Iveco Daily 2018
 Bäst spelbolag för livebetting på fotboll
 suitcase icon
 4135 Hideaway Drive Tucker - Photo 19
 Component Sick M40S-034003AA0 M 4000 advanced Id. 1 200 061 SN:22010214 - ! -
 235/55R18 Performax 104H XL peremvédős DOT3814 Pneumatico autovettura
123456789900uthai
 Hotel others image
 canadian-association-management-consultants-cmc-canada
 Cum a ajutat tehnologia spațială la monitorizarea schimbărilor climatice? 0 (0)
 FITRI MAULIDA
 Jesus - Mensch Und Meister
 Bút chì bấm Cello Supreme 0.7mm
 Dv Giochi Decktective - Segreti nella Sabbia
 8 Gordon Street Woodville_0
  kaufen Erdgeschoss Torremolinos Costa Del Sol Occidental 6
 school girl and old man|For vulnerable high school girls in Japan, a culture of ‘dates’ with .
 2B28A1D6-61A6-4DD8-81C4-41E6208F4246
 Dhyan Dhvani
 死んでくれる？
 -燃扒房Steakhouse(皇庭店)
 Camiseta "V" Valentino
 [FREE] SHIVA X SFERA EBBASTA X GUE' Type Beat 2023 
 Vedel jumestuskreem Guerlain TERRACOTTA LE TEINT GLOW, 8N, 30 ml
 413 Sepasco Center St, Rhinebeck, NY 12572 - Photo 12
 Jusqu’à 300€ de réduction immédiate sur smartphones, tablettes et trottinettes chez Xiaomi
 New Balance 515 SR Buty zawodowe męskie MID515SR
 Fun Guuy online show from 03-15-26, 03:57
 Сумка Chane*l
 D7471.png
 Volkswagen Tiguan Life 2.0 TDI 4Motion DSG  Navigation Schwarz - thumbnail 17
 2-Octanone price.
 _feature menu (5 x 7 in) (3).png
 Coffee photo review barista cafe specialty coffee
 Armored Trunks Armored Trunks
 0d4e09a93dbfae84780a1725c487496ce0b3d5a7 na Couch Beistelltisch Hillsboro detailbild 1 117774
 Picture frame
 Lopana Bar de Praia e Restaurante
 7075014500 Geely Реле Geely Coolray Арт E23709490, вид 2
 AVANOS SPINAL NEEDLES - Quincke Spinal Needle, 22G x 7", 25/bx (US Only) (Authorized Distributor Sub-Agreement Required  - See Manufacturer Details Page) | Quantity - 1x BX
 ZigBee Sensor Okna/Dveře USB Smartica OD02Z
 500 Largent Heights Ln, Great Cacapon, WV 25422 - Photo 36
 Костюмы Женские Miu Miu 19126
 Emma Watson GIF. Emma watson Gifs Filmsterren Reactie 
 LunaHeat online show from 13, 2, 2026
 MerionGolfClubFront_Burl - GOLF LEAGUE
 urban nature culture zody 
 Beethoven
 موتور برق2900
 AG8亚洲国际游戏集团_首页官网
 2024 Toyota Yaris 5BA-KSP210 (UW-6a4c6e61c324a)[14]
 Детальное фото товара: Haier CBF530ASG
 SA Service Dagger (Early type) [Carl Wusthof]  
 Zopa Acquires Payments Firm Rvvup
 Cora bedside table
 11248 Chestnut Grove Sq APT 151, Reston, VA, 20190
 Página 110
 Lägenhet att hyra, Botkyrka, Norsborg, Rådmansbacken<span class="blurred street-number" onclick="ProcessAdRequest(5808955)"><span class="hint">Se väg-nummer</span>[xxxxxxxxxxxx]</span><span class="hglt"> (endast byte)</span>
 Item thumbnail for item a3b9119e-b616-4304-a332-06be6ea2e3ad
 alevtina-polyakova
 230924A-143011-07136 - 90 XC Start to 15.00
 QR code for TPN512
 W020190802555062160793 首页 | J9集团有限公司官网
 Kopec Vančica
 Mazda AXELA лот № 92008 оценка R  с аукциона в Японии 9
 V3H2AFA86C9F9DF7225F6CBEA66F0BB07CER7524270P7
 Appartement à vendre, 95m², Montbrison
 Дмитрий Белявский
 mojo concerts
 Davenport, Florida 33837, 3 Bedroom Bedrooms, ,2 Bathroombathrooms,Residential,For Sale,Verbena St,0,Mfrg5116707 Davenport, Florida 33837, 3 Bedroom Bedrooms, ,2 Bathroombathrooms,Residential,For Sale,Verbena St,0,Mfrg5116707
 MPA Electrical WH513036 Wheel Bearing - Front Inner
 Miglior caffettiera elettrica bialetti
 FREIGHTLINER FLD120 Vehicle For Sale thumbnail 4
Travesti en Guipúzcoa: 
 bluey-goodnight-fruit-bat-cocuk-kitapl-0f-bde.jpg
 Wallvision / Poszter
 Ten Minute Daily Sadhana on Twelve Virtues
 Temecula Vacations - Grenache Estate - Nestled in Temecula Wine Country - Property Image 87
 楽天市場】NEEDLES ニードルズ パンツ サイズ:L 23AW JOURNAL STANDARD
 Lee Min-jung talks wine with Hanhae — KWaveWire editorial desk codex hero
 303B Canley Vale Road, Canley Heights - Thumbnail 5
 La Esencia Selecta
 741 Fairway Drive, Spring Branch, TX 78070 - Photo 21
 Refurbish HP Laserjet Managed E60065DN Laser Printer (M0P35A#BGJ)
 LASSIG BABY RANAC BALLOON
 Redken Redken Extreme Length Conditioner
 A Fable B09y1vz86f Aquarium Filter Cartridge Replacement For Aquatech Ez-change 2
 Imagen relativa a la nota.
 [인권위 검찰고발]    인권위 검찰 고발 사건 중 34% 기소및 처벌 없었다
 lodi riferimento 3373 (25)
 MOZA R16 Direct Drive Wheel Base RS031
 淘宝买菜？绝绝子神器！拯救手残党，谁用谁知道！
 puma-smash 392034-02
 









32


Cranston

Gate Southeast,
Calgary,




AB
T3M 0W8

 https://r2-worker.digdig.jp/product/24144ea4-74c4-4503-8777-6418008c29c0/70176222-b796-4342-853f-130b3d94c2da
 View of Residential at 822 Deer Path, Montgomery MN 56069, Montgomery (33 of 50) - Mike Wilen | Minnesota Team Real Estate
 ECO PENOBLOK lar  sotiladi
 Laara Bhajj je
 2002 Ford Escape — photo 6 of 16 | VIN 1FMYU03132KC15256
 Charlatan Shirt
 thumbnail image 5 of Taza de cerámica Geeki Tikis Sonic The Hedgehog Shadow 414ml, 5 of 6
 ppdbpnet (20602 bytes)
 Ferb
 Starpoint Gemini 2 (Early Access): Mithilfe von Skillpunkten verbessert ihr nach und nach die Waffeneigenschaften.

### PROBLEM STATEMENT:
Transcribe the full listing exactly, keeping every word as it is.

### EXPECTED OUTPUT:
Iveco Daily 2018
 Bäst spelbolag för livebetting på fotboll
 suitcase icon
 4135 Hideaway Drive Tucker - Photo 19
 Component Sick M40S-034003AA0 M 4000 advanced Id. 1 200 061 SN:22010214 - ! -
 235/55R18 Performax 104H XL peremvédős DOT3814 Pneumatico autovettura
123456789900uthai
 Hotel others image
 canadian-association-management-consultants-cmc-canada
 Cum a ajutat tehnologia spațială la monitorizarea schimbărilor climatice? 0 (0)
 FITRI MAULIDA
 Jesus - Mensch Und Meister
 Bút chì bấm Cello Supreme 0.7mm
 Dv Giochi Decktective - Segreti nella Sabbia
 8 Gordon Street Woodville_0
  kaufen Erdgeschoss Torremolinos Costa Del Sol Occidental 6
 school girl and old man|For vulnerable high school girls in Japan, a culture of ‘dates’ with .
 2B28A1D6-61A6-4DD8-81C4-41E6208F4246
 Dhyan Dhvani
 死んでくれる？
 -燃扒房Steakhouse(皇庭店)
 Camiseta "V" Valentino
 [FREE] SHIVA X SFERA EBBASTA X GUE' Type Beat 2023 
 Vedel jumestuskreem Guerlain TERRACOTTA LE TEINT GLOW, 8N, 30 ml
 413 Sepasco Center St, Rhinebeck, NY 12572 - Photo 12
 Jusqu’à 300€ de réduction immédiate sur smartphones, tablettes et trottinettes chez Xiaomi
 New Balance 515 SR Buty zawodowe męskie MID515SR
 Fun Guuy online show from 03-15-26, 03:57
 Сумка Chane*l
 D7471.png
 Volkswagen Tiguan Life 2.0 TDI 4Motion DSG  Navigation Schwarz - thumbnail 17
 2-Octanone price.
 _feature menu (5 x 7 in) (3).png
 Coffee photo review barista cafe specialty coffee
 Armored Trunks Armored Trunks
 0d4e09a93dbfae84780a1725c487496ce0b3d5a7 na Couch Beistelltisch Hillsboro detailbild 1 117774
 Picture frame
 Lopana Bar de Praia e Restaurante
 7075014500 Geely Реле Geely Coolray Арт E23709490, вид 2
 AVANOS SPINAL NEEDLES - Quincke Spinal Needle, 22G x 7", 25/bx (US Only) (Authorized Distributor Sub-Agreement Required  - See Manufacturer Details Page) | Quantity - 1x BX
 ZigBee Sensor Okna/Dveře USB Smartica OD02Z
 500 Largent Heights Ln, Great Cacapon, WV 25422 - Photo 36
 Костюмы Женские Miu Miu 19126
 Emma Watson GIF. Emma watson Gifs Filmsterren Reactie 
 LunaHeat online show from 13, 2, 2026
 MerionGolfClubFront_Burl - GOLF LEAGUE
 urban nature culture zody 
 Beethoven
 موتور برق2900
 AG8亚洲国际游戏集团_首页官网
 2024 Toyota Yaris 5BA-KSP210 (UW-6a4c6e61c324a)[14]
 Детальное фото товара: Haier CBF530ASG
 SA Service Dagger (Early type) [Carl Wusthof]  
 Zopa Acquires Payments Firm Rvvup
 Cora bedside table
 11248 Chestnut Grove Sq APT 151, Reston, VA, 20190
 Página 110
 Lägenhet att hyra, Botkyrka, Norsborg, Rådmansbacken<span class="blurred street-number" onclick="ProcessAdRequest(5808955)"><span class="hint">Se väg-nummer</span>[xxxxxxxxxxxx]</span><span class="hglt"> (endast byte)</span>
 Item thumbnail for item a3b9119e-b616-4304-a332-06be6ea2e3ad
 alevtina-polyakova
 230924A-143011-07136 - 90 XC Start to 15.00
 QR code for TPN512
 W020190802555062160793 首页 | J9集团有限公司官网
 Kopec Vančica
 Mazda AXELA лот № 92008 оценка R  с аукциона в Японии 9
 V3H2AFA86C9F9DF7225F6CBEA66F0BB07CER7524270P7
 Appartement à vendre, 95m², Montbrison
 Дмитрий Белявский
 mojo concerts
 Davenport, Florida 33837, 3 Bedroom Bedrooms, ,2 Bathroombathrooms,Residential,For Sale,Verbena St,0,Mfrg5116707 Davenport, Florida 33837, 3 Bedroom Bedrooms, ,2 Bathroombathrooms,Residential,For Sale,Verbena St,0,Mfrg5116707
 MPA Electrical WH513036 Wheel Bearing - Front Inner
 Miglior caffettiera elettrica bialetti
 FREIGHTLINER FLD120 Vehicle For Sale thumbnail 4
Travesti en Guipúzcoa: 
 bluey-goodnight-fruit-bat-cocuk-kitapl-0f-bde.jpg
 Wallvision / Poszter
 Ten Minute Daily Sadhana on Twelve Virtues
 Temecula Vacations - Grenache Estate - Nestled in Temecula Wine Country - Property Image 87
 楽天市場】NEEDLES ニードルズ パンツ サイズ:L 23AW JOURNAL STANDARD
 Lee Min-jung talks wine with Hanhae — KWaveWire editorial desk codex hero
 303B Canley Vale Road, Canley Heights - Thumbnail 5
 La Esencia Selecta
 741 Fairway Drive, Spring Branch, TX 78070 - Photo 21
 Refurbish HP Laserjet Managed E60065DN Laser Printer (M0P35A#BGJ)
 LASSIG BABY RANAC BALLOON
 Redken Redken Extreme Length Conditioner
 A Fable B09y1vz86f Aquarium Filter Cartridge Replacement For Aquatech Ez-change 2
 Imagen relativa a la nota.
 [인권위 검찰고발]    인권위 검찰 고발 사건 중 34% 기소및 처벌 없었다
 lodi riferimento 3373 (25)
 MOZA R16 Direct Drive Wheel Base RS031
 淘宝买菜？绝绝子神器！拯救手残党，谁用谁知道！
 puma-smash 392034-02
 









32


Cranston

Gate Southeast,
Calgary,




AB
T3M 0W8

 https://r2-worker.digdig.jp/product/24144ea4-74c4-4503-8777-6418008c29c0/70176222-b796-4342-853f-130b3d94c2da
 View of Residential at 822 Deer Path, Montgomery MN 56069, Montgomery (33 of 50) - Mike Wilen | Minnesota Team Real Estate
 ECO PENOBLOK lar  sotiladi
 Laara Bhajj je
 2002 Ford Escape — photo 6 of 16 | VIN 1FMYU03132KC15256
 Charlatan Shirt
 thumbnail image 5 of Taza de cerámica Geeki Tikis Sonic The Hedgehog Shadow 414ml, 5 of 6
 ppdbpnet (20602 bytes)
 Ferb
 Starpoint Gemini 2 (Early Access): Mithilfe von Skillpunkten verbessert ihr nach und nach die Waffeneigenschaften.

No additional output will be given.